彼らが通う『トレンスティベル・アダムス・スクール』はアメリカのカリフォルニア州の都心部からすこし離れた広大な土地に位置しており、基本的にはボーティングスクール(全寮制の中学・高校)の体制をとっているが、一部の生徒は自宅から通学しており、それほど大きな縛りが少なく、自由な校風が特徴の私立高校である。大学進学率も高い水準を維持しており、多くの優れた士官や政治家、有名なシンガーや音楽家を輩出していることでも知られている。

「トム、もうすこしわかるようにいってくれないかな」

トムと呼ばれた彼はいい意味でも悪い意味でも(悪い場合がほとんどだが)、学園でも有名な生徒だった。もしあなたが、この『トレンスティベル・アダムス・スクール』に入学もしくは留学したいと考えているのなら、それはトム・サースティンが卒業するまで待つべきだろう。この学園の寮の部屋は基本的に二人部屋となっているが、優秀な成績を修めた生徒に対しては一人部屋が設けられ、これが少なくとも生徒たちのモチベーションの向上につながっている。誰だって自分ひとりの空間を確保したいと思うのは当然だ。しかしトムの場合は、彼と同部屋になりたくないという嘆願が殺到したため、結果トムにはひとり部屋が与えられた。トムと同じ部屋になるくらいなら、ふたり部屋で構わないということだ。
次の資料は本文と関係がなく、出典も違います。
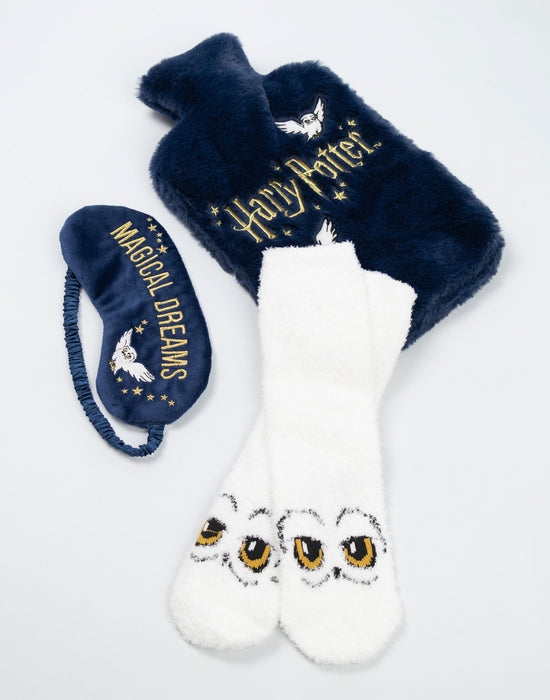 Harry Potter Character Unisex Navy Hot Water Bottle With Eye Mask and Socks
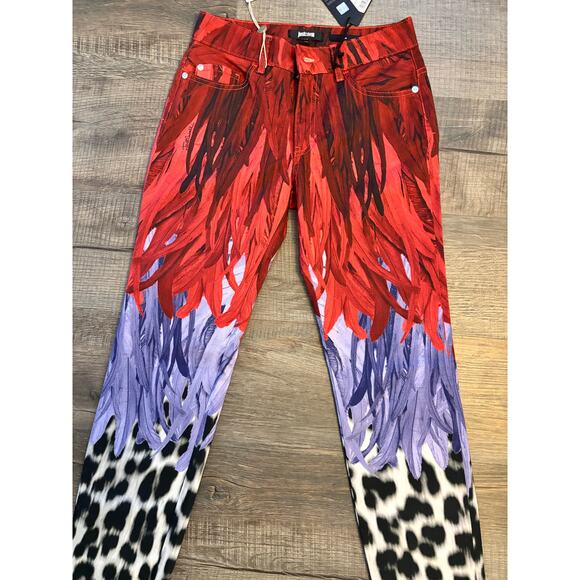NWT Just Cavalli Feather Leopard Print Skinny Jeans Red Purple Y2K Size S 25.5 - Picture 13 of 13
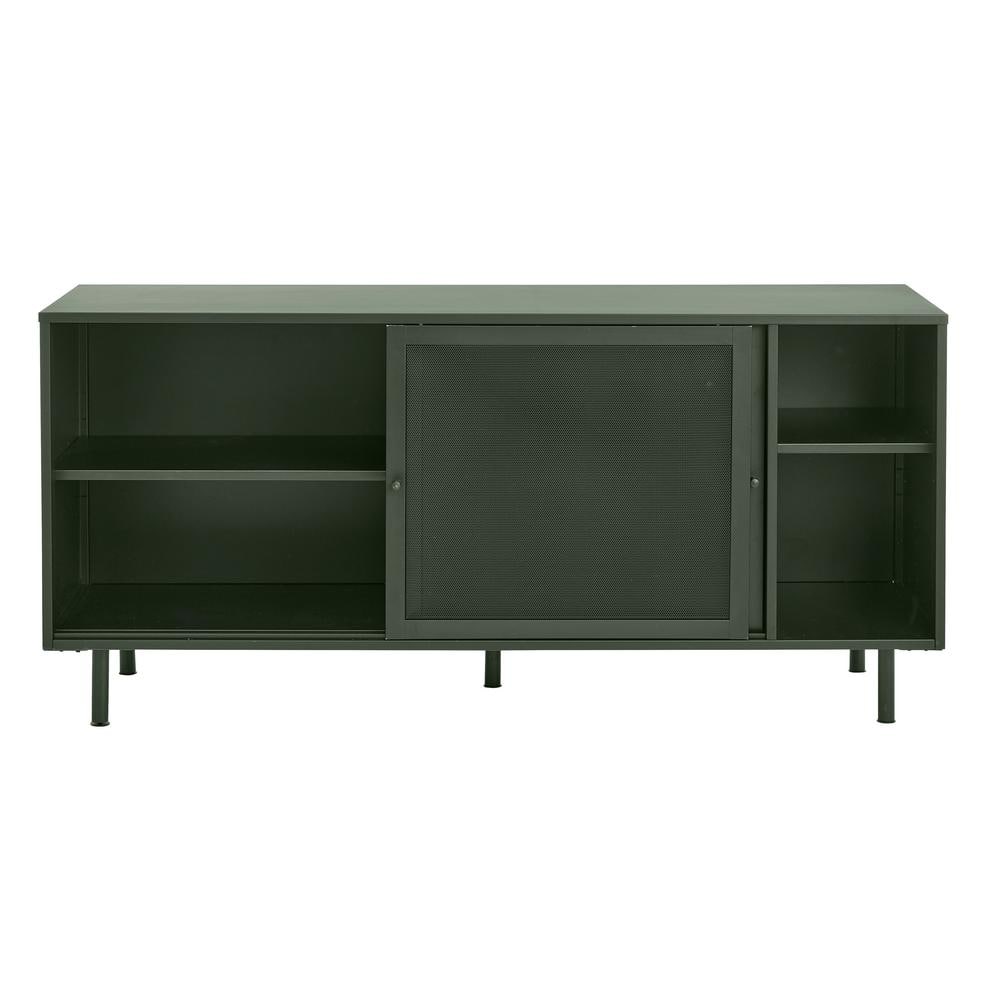 Olive Green Metal Mesh Contemporary Sideboard with Adjustable Shelves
校内の学生たちからは、煙たがられている、とか、恐れられている、といった印象ではなく、どちらかといえば、あまり関わりたくない、といった感想が多かった。

「つまりみんなの日常に、ちょっとしたスパイスを与えてやるのがオレたちの使命なんだよ、ジェームズ」

 ジェームズと呼ばれた彼はトムの数少ない友人であり、そして幼馴染でもあった。やや理系な喋り方をし、コレステロールの高い食品を愛しているせいか、太った体型をしている。パソコンを含めた機械の知識を多く持っており、トムが企てる『日常のちょっとしたスパイス』とやらに影ながら加担しているのだが、どういうわけかいつも罰を与えられるのはトムのみである。親が大手銀行の副頭取であることもその理由のひとつだろう。

「なるほど」

ジェームズは納得したようにトムの論説に相槌を打ちながら、自身の作業にいそしんでいた。
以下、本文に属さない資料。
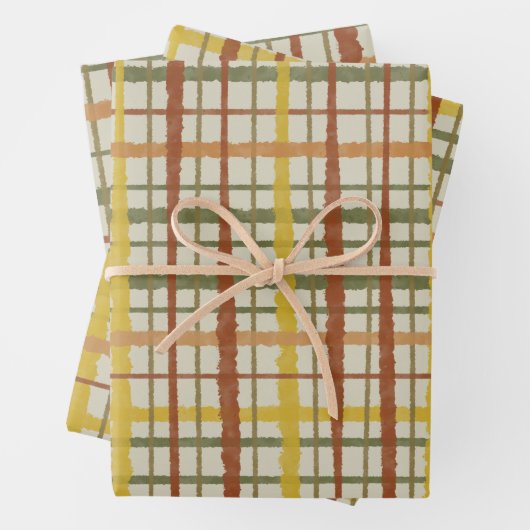 Retro-Cottailcore Kariertes Muster Geschenkpapier Set (Beispiel)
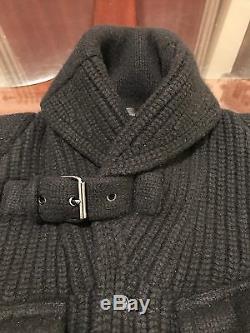 Ralph Lauren Black Label Moto Cashmere & Wool Jacket Sweater BLACK Sz Medium Fit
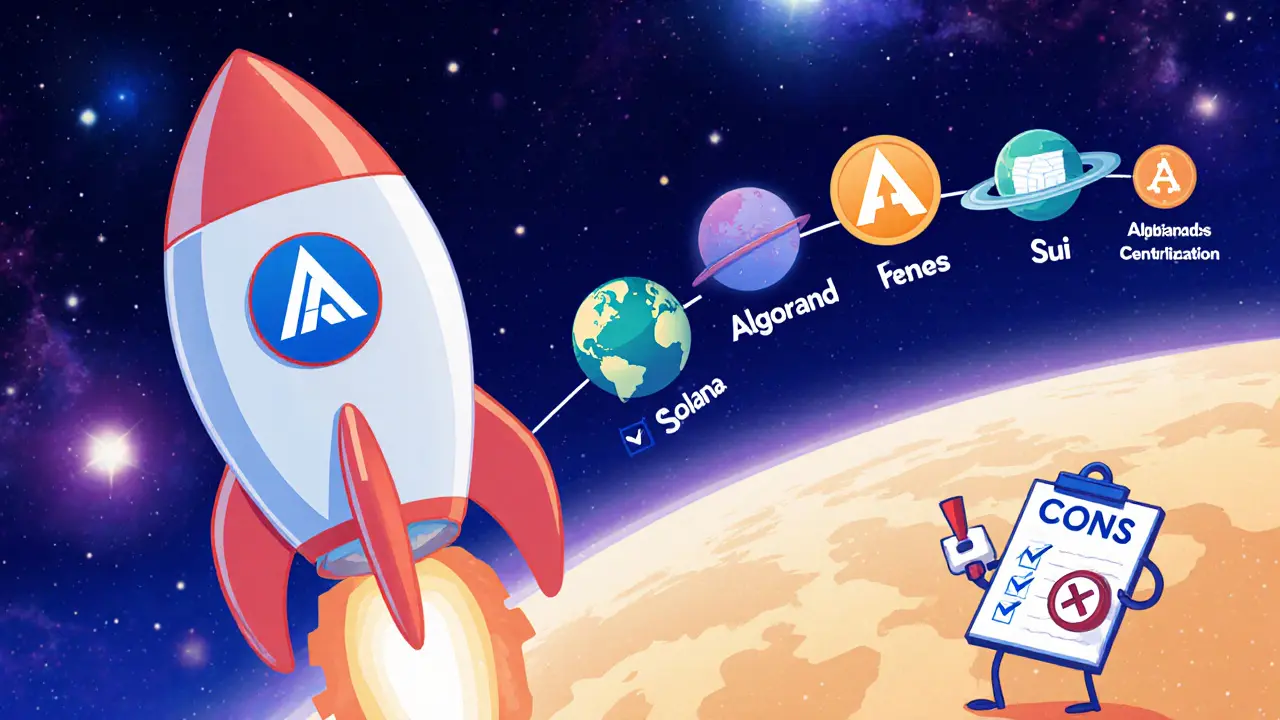 Allbridge rocket flying toward new blockchain planets with a pros and cons checklist.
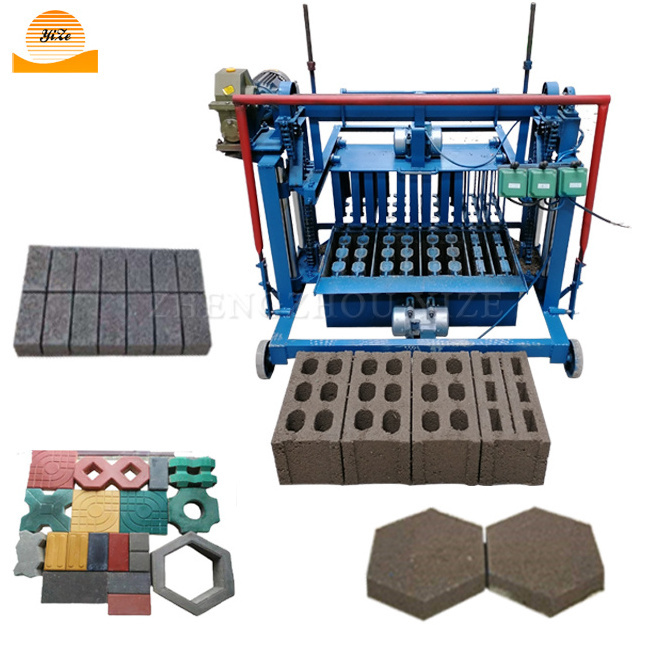 Automatic self-lifting cement paver brick making machinery solid sand concrete block making machine mobile  hollow brick maker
 ふたりが今いるところは、普段は物置や資料室として半ば忘れられている校内の薄暗い一室で、彼らはランチタイムであることにもかかわらず、その『日常のちょっとしたスパイス』の仕込みに余念がなかった。

「ところでジェームズ、まだ準備は終わらないのか?」

「もうすぐで終わるよ」

 非日常的な被り物をしたトムに、ジェームズは特殊メイクを施している。

トムはというと、目を閉じたまま片手には銃の形をした黒い物体を握っている。

「おいおい、急いでくれよ。早くしないとランチタイムが終わっちまう」

 トムはすこしイラついた様子でジェームズを急かしているが、どこかワクワクしている様子でもあり興奮が抑えきれていなかった。
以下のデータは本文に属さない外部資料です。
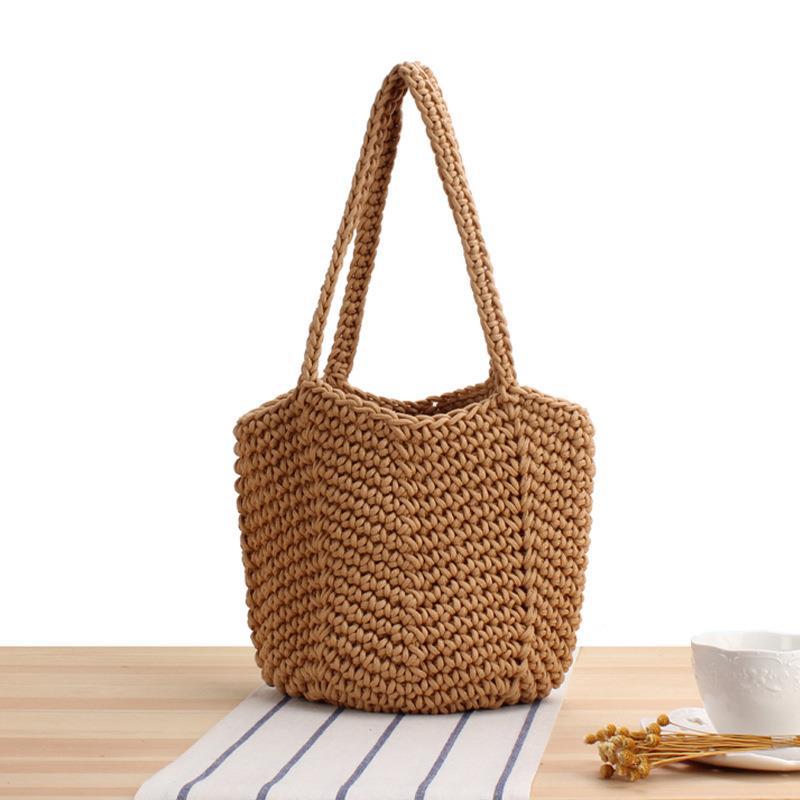 Bohemian 2023 New Cotton Rope Large Capacity Woven Straw Bag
「早くみんなに見せてやりたいんだよなー。平和な午後のランチタイムに、突然この流血ピエロが現れて走り回るんだ。事前に殺人ピエロのウワサも流してある。この姿を見たらきっとみんなぶっ飛ぶだろうな」

 トムはそういいながら楽しそうに声をあげた。

「すごいよ、トム。これはなかなかいい出来だ。おそらく小さな驚きじゃすまないよ」

「そうか!いよいよ、今日が俺の殺人ピエロデビューというわけか」

 トムはこれから起きるであろう、近い未来を想像し、抑えきれずゲラゲラと笑いはじめた。

「オレってやっぱ最高だよなー」

 そう笑い飛ばすトムの横で、ジェームズはニヤニヤとこらえるように笑っている。

「あー、ところでジェームズ。ちょっと鏡を見せてくれないか?オレの顔がどんな感じに仕上がっているか確認したい」

「トム。鏡なんてみなくていいじゃないか」

「いや、いいから見せてくれ」

「トム。とてもよく仕上がっているよ」

「いや、でも」

「トム。今のきみは最高だ」

「そ、そうか?」

「もちろんさ」

 ジェームズのその自信満々の物言いに気をよくしたトムは、それならいいかと思い直し、細かいことを気にすることをやめた。

「よっしゃ。じゃあ、行くとするか!」

 そうして、彼らの日常のちょっとしたスパイスは始めるのであった。




 根川恭一がサンフランシスコのここ『トレンスティベル・アダムス・スクール』に留学してきて、もうすぐ2ヶ月が過ぎようとしていた。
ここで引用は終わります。